PROVIDED ENTRIES below:

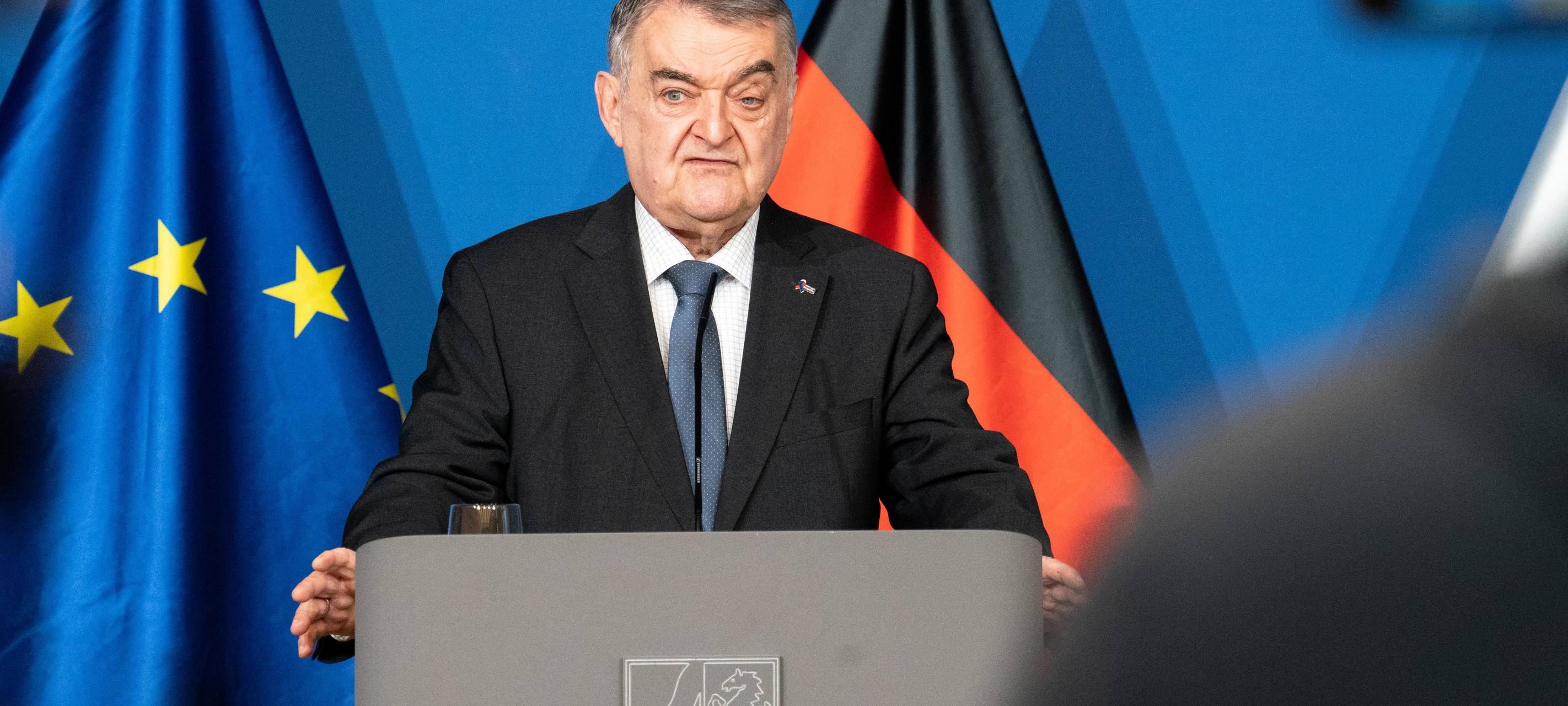 NRW-Innenminister Reul äußert sich zu Randale-Vorfällen in Silvesternacht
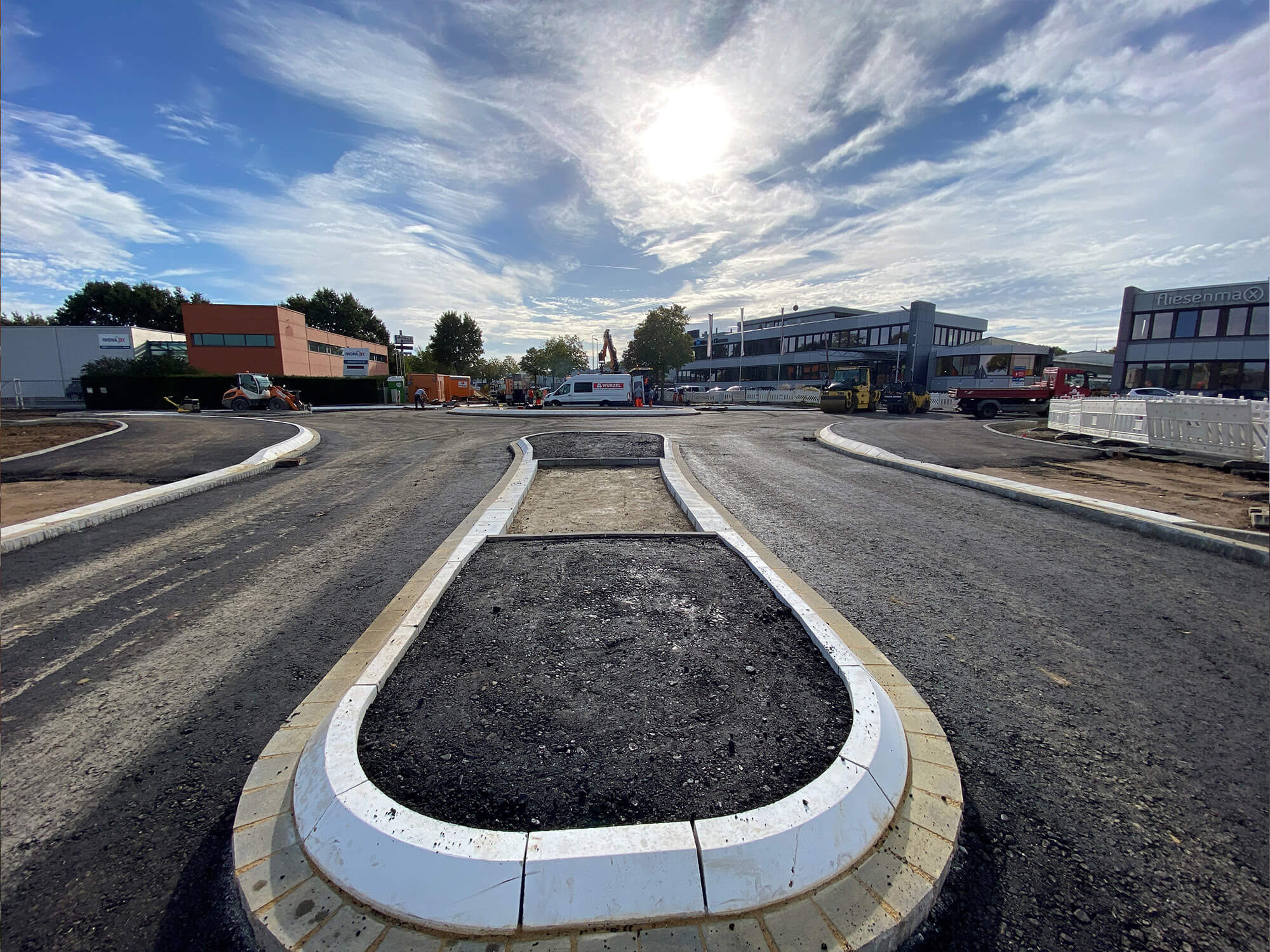 Das Bild zeigt die K 5 in Dremmen während der Bauarbeiten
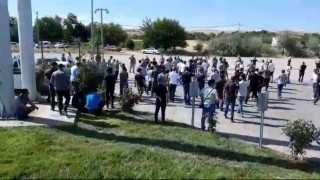 Elazığda Eti Krom işçileri oturma eylemine başladı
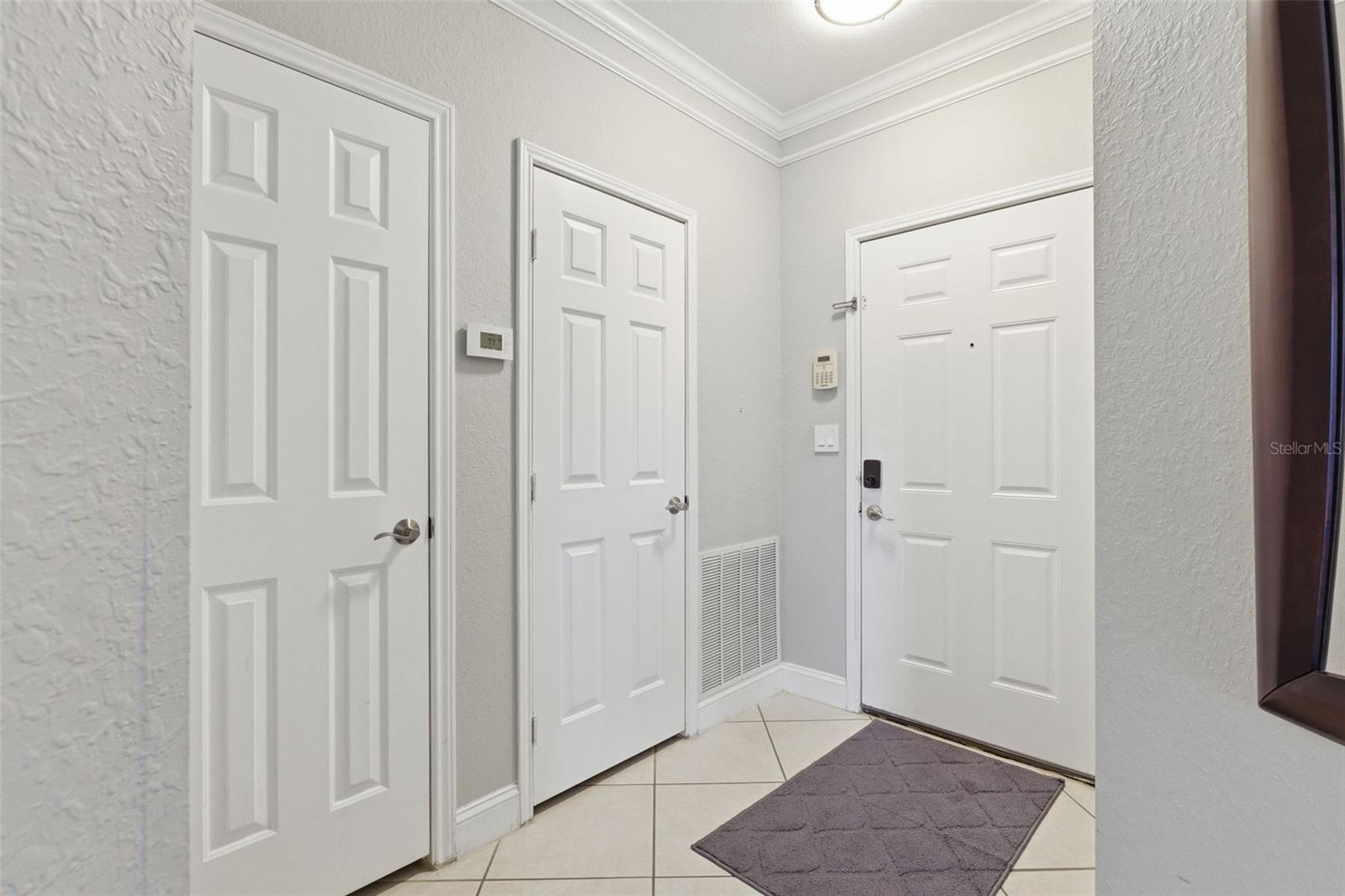 4345 BAYSIDE VILLAGE DR #302 — photo 11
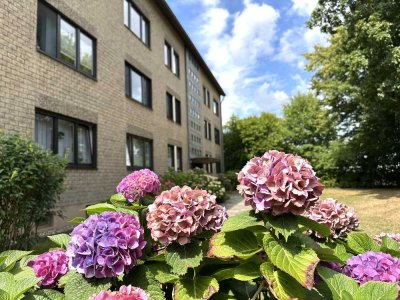GROSSE WOHNUNG 117 M² + NEUSS-VOGELSANG  + WHG. ÜBER ZWEI EBENEN + 3 SCHLAFZIMMER u.v.m.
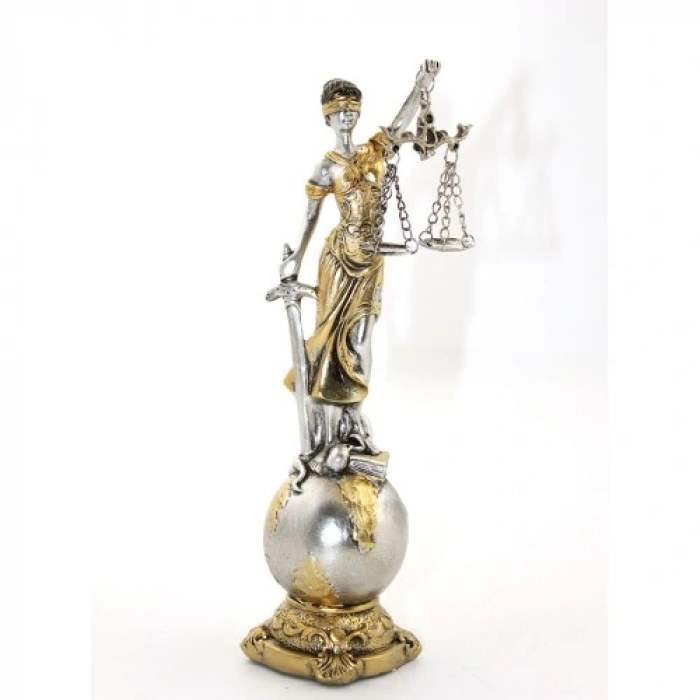 Polyester Adalet Figürü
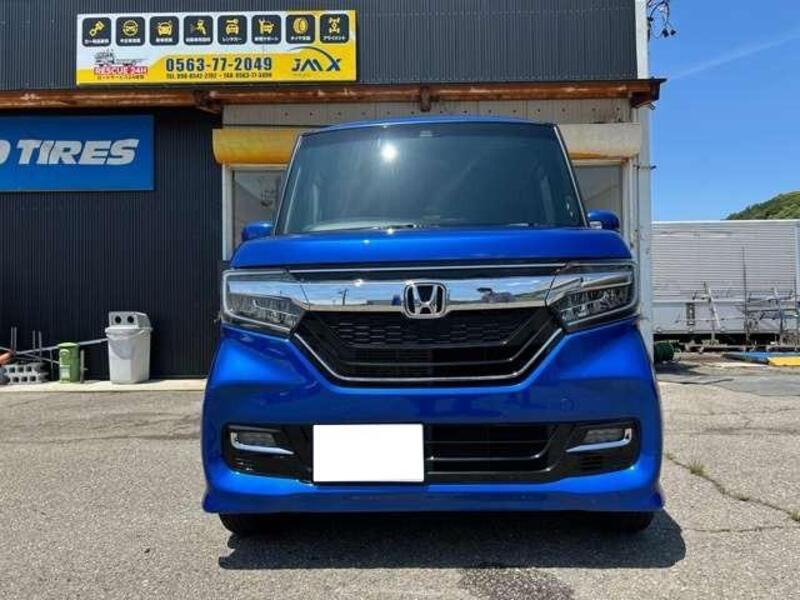 N BOX CUSTOM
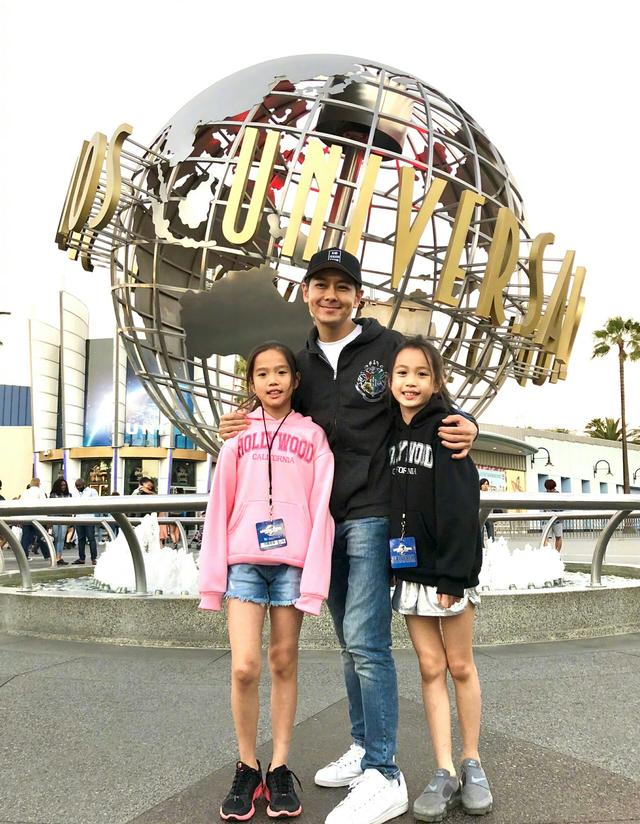 jaden虽然要比考拉早出生两年,但是身高已经被妹妹给赶上了,感觉应该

End of PROVIDED ENTRIES.

» THE PROBLEM: Print only the lines from the one with "Polyester Adalet Figürü" through the last line of the data above, exactly and with both ends, and please omit any pictures.

» THE ANSWER:
 Polyester Adalet Figürü
 N BOX CUSTOM
 jaden虽然要比考拉早出生两年,但是身高已经被妹妹给赶上了,感觉应该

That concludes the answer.